We can now use the quadratic formula to solve for S:
S = (-b ± √(b^2 - 4ac)) / (2a).
In our case, a = 2, b = -160, and c = -652800. Plug these values into the formula:
S = (-(-160) ± √((-160)^2 - 4(2)(-652800))) / (2(2)).
After simplifying, we get:
S = (160 ± √(25600 + 5222400)) / 4.
Further simplifying:
S = (160 ± √(5248000)) / 4.
The positive value of S will give us the average speed of the plane from Calgary to Toronto. Let's calculate it:
S = (160 + √5248000) / 4.
S ≈ 134.96 km/hr (rounded to two decimal places).
Now that we have the speed, we can calculate the time taken for the journey from Calgary to Toronto:
time_outward = 2720 / S ≈ 2720 / 134.96 ≈ 20.16 hours (rounded to two decimal places).
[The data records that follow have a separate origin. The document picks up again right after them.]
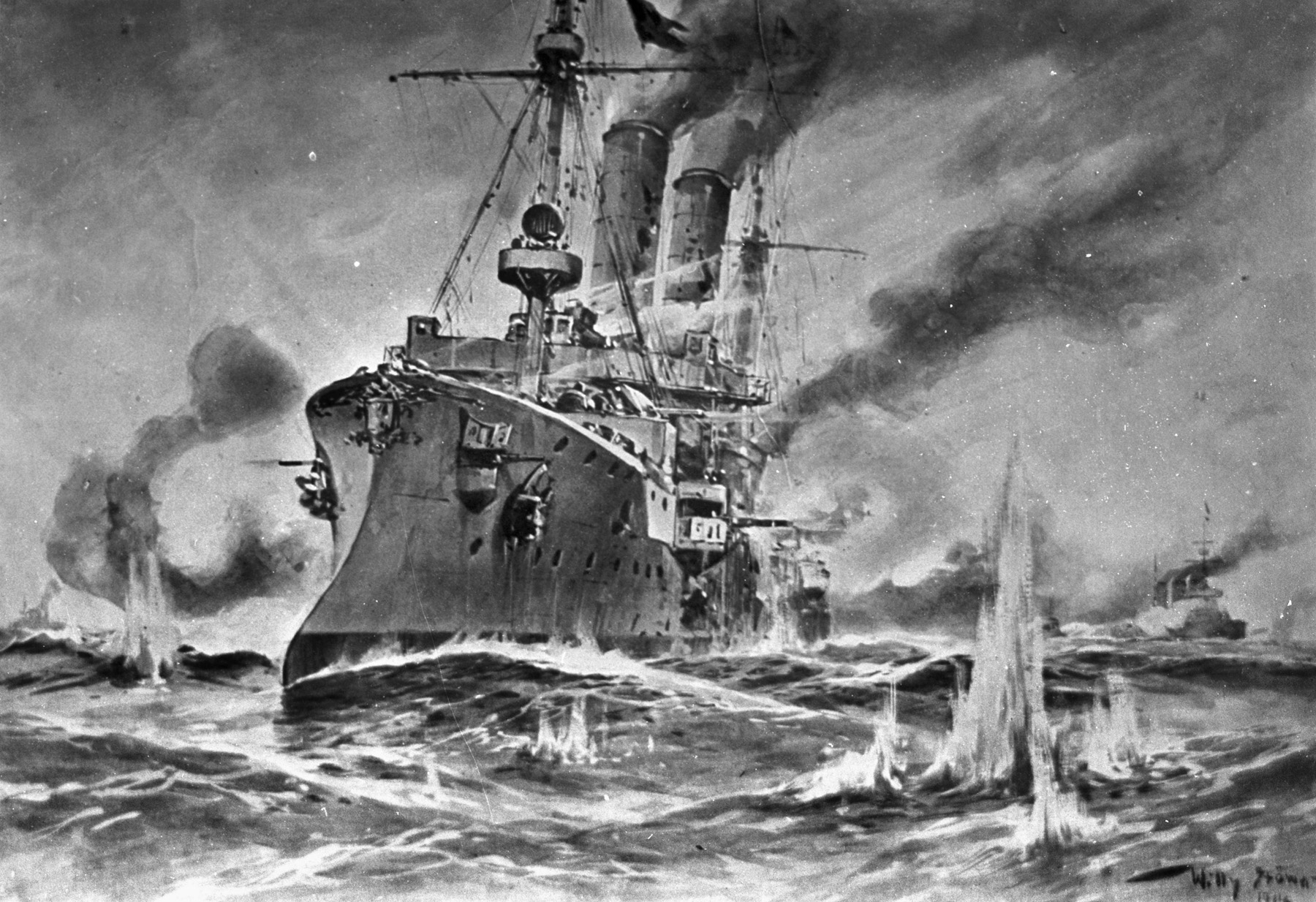 Shells explode around the German cruiser SMS Ariadne in this dramatic illustration. In the aftermath of the British victory, the Germans became overly cautious.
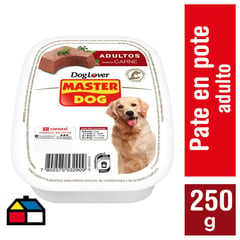 MASTER DOG - Alimento húmedo paté para perro adulto 250 gr carne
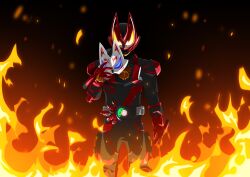 Rule 34 | 1boy, absurdres, armor, black armor, black bodysuit, bodysuit, boost mark ii buckle, commentary request, cowboy shot, desire driver, fire, flame print, fox, fox boy, fox mask, gloves, glowing, glowing eyes, green fire, highres, hitodama, holding, holding mask, kamen rider, kamen rider geats, kamen rider geats (series), kamen rider geats boost mark ii, kitsune, male focus, mask, mouth guard, orange eyes, otokamu, power armor, raise buckle, red gloves, shoulder armor, solo, tail, thighs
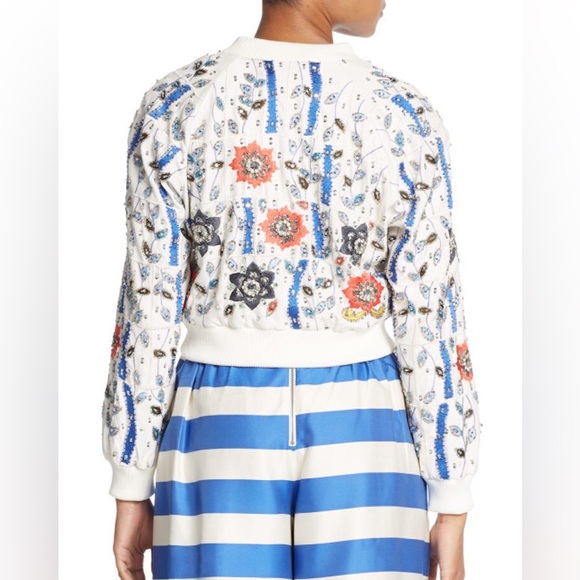 Alice + Olivia Silk Beaded Embroidered Bomber Jacket - Picture 6 of 11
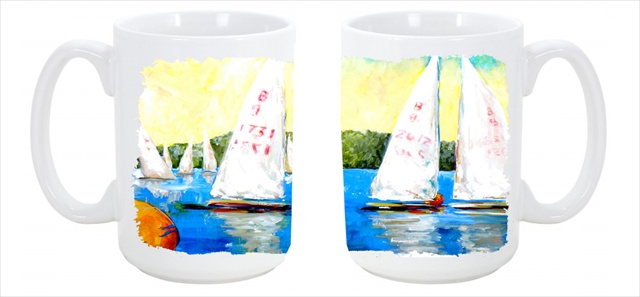 Picture of Carolines Treasures MW1094CM15 Sailboats Round the Mark Dishwasher Safe Microwavable Ceramic Coffee Mug 15 oz.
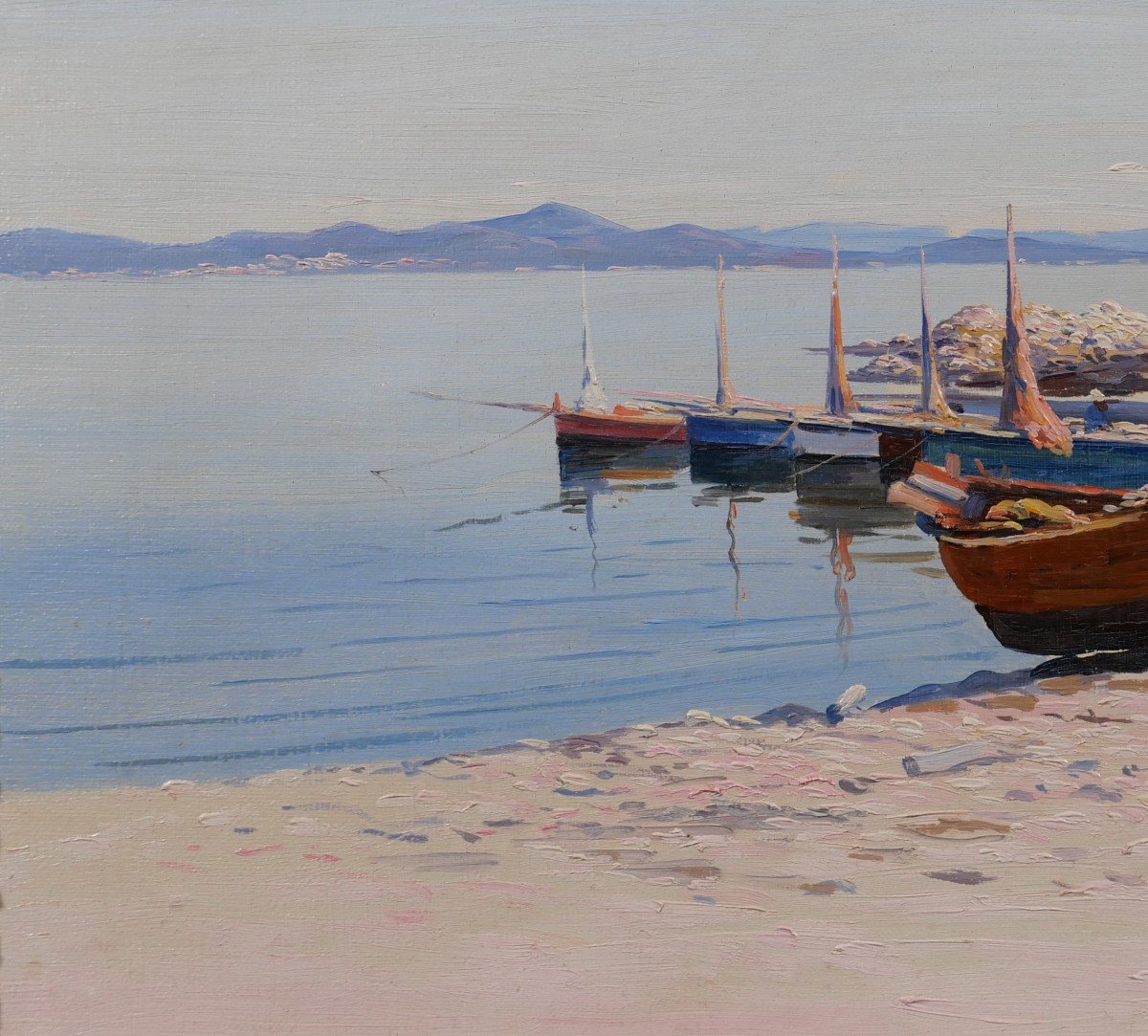 Louis Haas 1870-1923 Saint-tropez, Landscape Of The Point, Painting, Circa 1910-photo-3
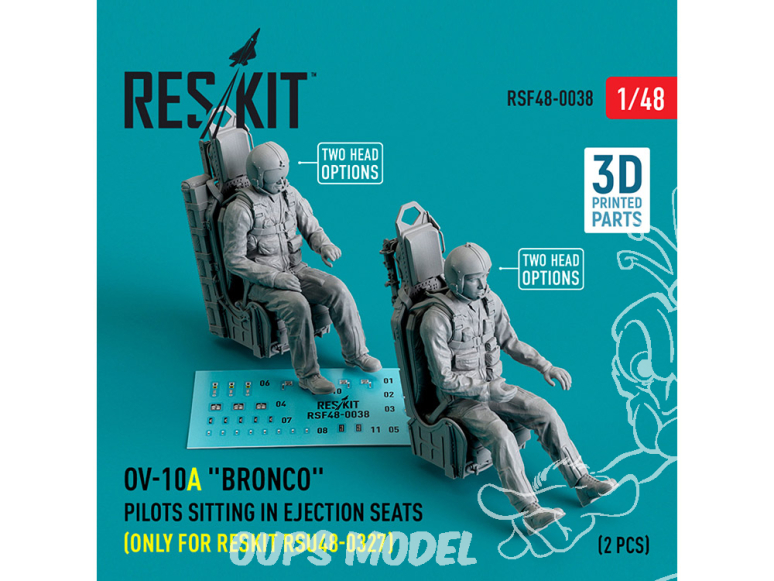 ResKit Figurine RSF48-0038 Pilotes OV-10D Bronco assis sur sièges éjectables RESKIT RSU48-0329 2 pièces imprimées en 3D 1/48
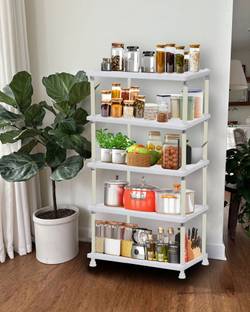 ROBMOB Fruits/Vegetables Kitchen Rack Plastic 5-Layer White Tray Design Kitchen Rack for Easy Storage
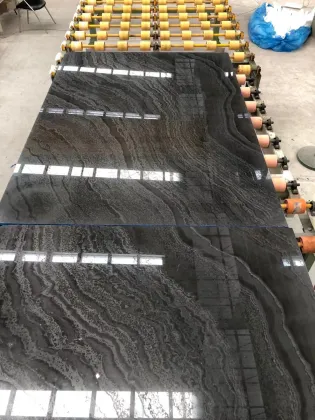 Zebrano Black Forest Marble Book Match Slabs for Interior Walls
To calculate the time taken for the whole trip, we can find the sum of the time taken for the outward journey and the return journey:
time_whole_trip = time_outward + time_return ≈ 20.16 + (time_outward + 40/60).
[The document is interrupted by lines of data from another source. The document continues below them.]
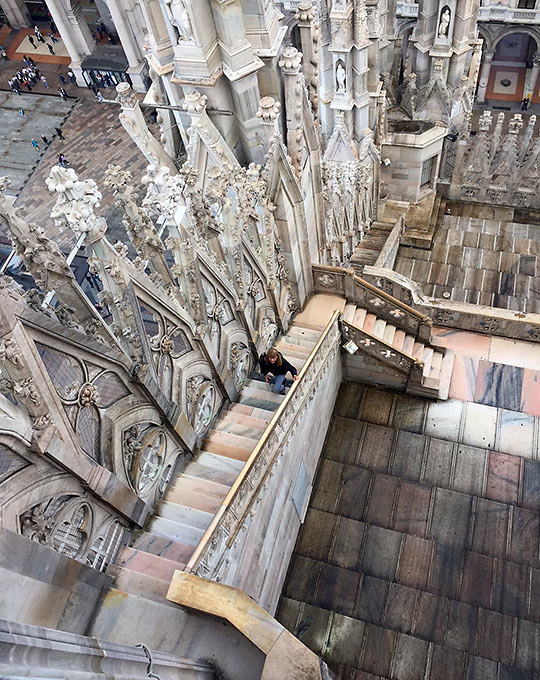 the final set of steps towards the Duomo terrace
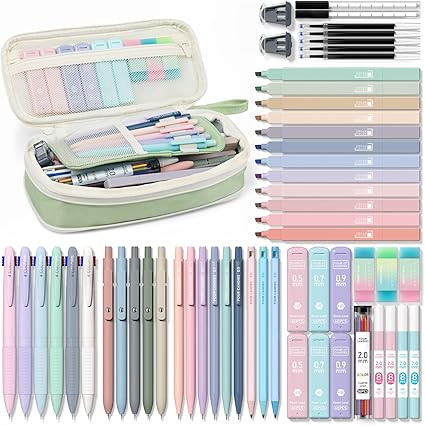 Four Candies 56 PCS Aesthetic School Supplies with Pencil Case, 6 Multicolor Pen, 12 Pastel Highl... | Amazon (US)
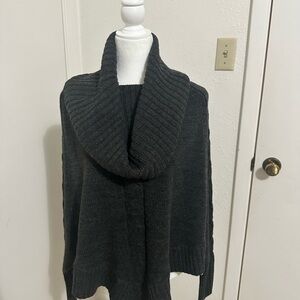 Francesca’s dark gray dolman sleeve cowl neck poncho NEW with TAGS size s/m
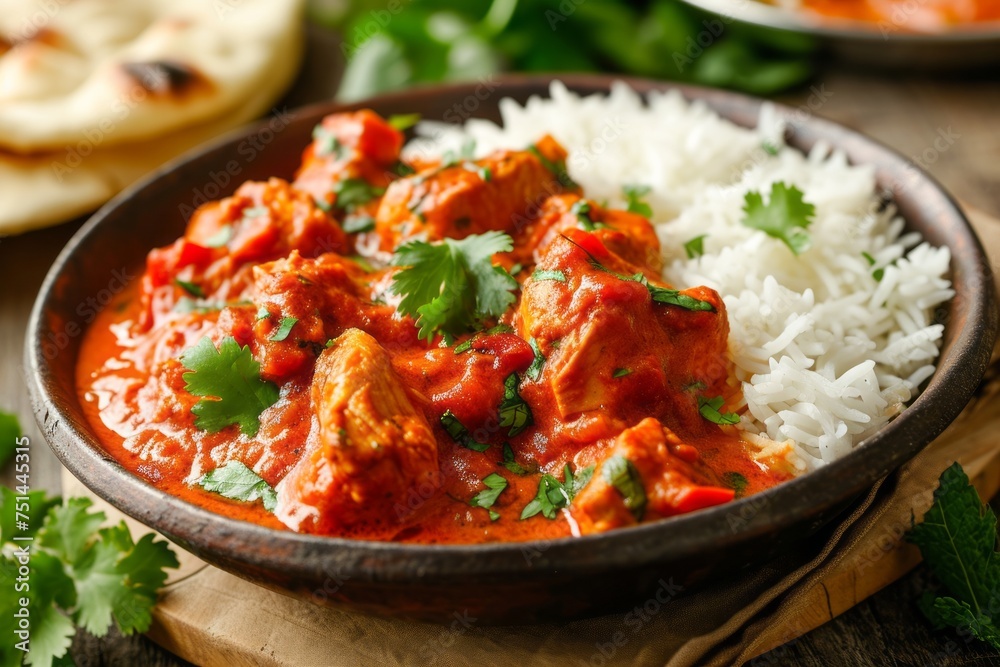 Bowl of rice and chicken curry Bowl of rice and chicken curry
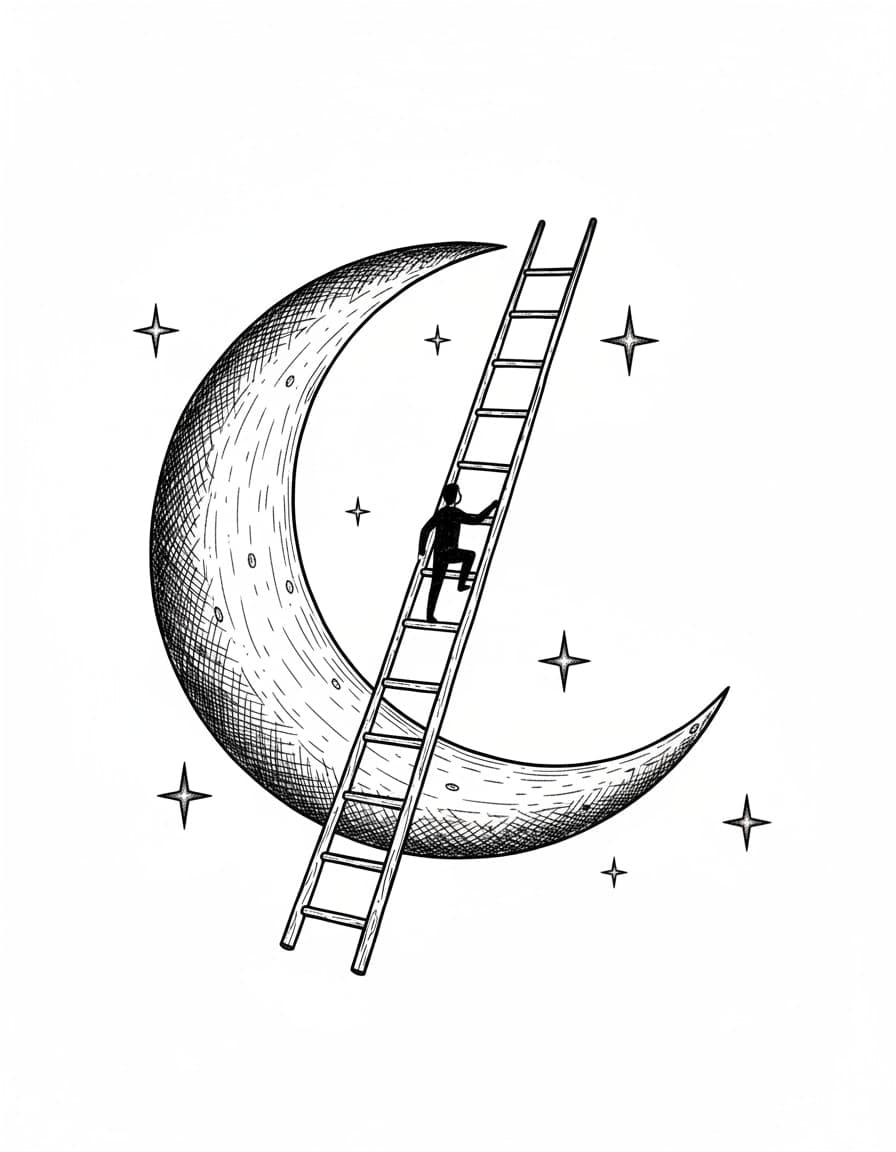 Illustrative Moon Climber Temporary Tattoo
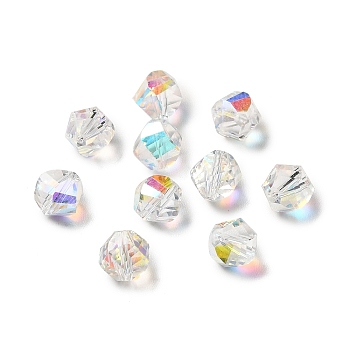 Glass Imitation Austrian Crystal Beads, Faceted, Nugget, Clear AB, 6x6mm, Hole: 1mm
Now, let's calculate the time taken for the return journey:
time_return = 2720 / (S - 80) ≈ 2720 / (134.96 - 80) ≈ 2720 / 54.96 ≈ 49.49 hours (rounded to two decimal places).
Plugging in the values:
time_whole_trip ≈ 20.16 + (49.49 + 40/60) ≈ 20.16 + 49.82 ≈ 70.98 hours (rounded to two decimal places).
Therefore, the time taken for the journey from Calgary to Toronto is approximately 20.16 hours, the time taken for the whole trip is approximately 70.98 hours, and the average speed of the plane from Toronto to Calgary is approximately 134.96 km/hr.